In this tutorial, we'll explore how to use Pandas to merge all CSV files in a specific folder. This is particularly useful when dealing with large datasets split across several files.
Firstly, we'll import the required libraries.
import pandas as pd
import os
Now getting the list of all CSV files in the particular folder. To do this, we'll use os and glob.
import glob
folder_name = '/your_folder_path'
file_type = 'csv'
seperator =','
dataframe = pd.concat([pd.read_csv(f, sep=seperator) for f in glob.glob(folder_name + "/*."+file_type)],ignore_index=True)
The `glob.glob` function returns a list of file paths, which we then pass to the `pd.read_csv` function.
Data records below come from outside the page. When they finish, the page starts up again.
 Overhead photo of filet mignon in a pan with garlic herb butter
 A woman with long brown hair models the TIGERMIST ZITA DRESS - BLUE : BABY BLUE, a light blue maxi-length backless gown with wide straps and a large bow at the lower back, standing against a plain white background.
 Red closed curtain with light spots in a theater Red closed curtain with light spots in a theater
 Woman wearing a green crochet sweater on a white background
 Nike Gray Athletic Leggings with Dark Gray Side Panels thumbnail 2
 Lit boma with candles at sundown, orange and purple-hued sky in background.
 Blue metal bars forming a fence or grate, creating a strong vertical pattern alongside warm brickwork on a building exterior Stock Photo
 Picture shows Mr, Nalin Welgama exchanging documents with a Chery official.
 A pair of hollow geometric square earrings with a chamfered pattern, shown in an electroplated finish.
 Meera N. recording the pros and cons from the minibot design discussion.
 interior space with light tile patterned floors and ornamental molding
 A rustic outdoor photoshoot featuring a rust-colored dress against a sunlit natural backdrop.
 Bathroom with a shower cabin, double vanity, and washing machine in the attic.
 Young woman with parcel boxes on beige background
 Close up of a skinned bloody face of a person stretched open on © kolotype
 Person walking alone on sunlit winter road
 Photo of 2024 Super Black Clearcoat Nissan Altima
This will return a list of data frames.
The last step is to concatenate them together into a single data frame, which is done by `pd.concat`. The `ignore_index` parameter is set to True so that the
index gets reset in the final merged dataframe.
Next, let's write the merged data frame to a new CSV file.
dataframe.to_csv("/output_folder_path/merged.csv")
This will save the merged data frame to a new CSV file named `merged.csv`.
Handling Large Datasets
In the case of handling large datasets that don't fit into memory, we can do the concatenation in chunks. Supposing we still want to use `ignore_index=True`:
chunksize = 10 ** 6
chunks = []
for f in glob.glob(folder_name + "/*."+file_type):
chunk = pd.read_csv(f, chunksize=chunksize)
chunks.append(pd.concat(chunk, ignore_index=True))
df = pd.concat(chunks, ignore_index=True)
This way, each CSV file will be read and concatenated in chunks, and only then will the results be combined.
Remember to always check the merged data for consistency and correctness, as issues can be complexified when dealing with multiple sources of data.